START Supplied material
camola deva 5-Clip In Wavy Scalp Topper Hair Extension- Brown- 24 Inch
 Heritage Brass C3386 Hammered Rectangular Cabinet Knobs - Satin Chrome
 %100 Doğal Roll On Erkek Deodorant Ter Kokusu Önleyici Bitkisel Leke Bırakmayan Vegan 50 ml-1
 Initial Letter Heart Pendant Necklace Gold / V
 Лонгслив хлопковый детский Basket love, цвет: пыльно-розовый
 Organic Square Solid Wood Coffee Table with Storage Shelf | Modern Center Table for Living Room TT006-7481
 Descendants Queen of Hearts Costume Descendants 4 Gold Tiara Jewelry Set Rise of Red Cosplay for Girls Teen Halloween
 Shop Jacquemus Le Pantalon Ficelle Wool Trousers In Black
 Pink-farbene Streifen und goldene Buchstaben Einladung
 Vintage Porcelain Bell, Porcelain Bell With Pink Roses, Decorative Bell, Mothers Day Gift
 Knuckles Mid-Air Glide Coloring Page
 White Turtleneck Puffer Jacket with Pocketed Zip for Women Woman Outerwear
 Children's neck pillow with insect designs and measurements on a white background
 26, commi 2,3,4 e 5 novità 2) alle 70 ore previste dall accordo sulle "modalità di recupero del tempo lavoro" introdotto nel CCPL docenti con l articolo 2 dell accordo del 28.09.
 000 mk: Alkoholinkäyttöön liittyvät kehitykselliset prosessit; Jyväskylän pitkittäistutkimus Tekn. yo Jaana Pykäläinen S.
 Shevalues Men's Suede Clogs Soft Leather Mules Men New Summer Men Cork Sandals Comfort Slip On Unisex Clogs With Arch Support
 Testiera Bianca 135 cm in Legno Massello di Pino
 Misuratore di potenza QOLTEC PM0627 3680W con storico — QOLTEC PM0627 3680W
END Supplied material
For the word "Pink", say how many lines of the records above contain it. Reply with the number alone.

◆ **Solution to this exercise**
2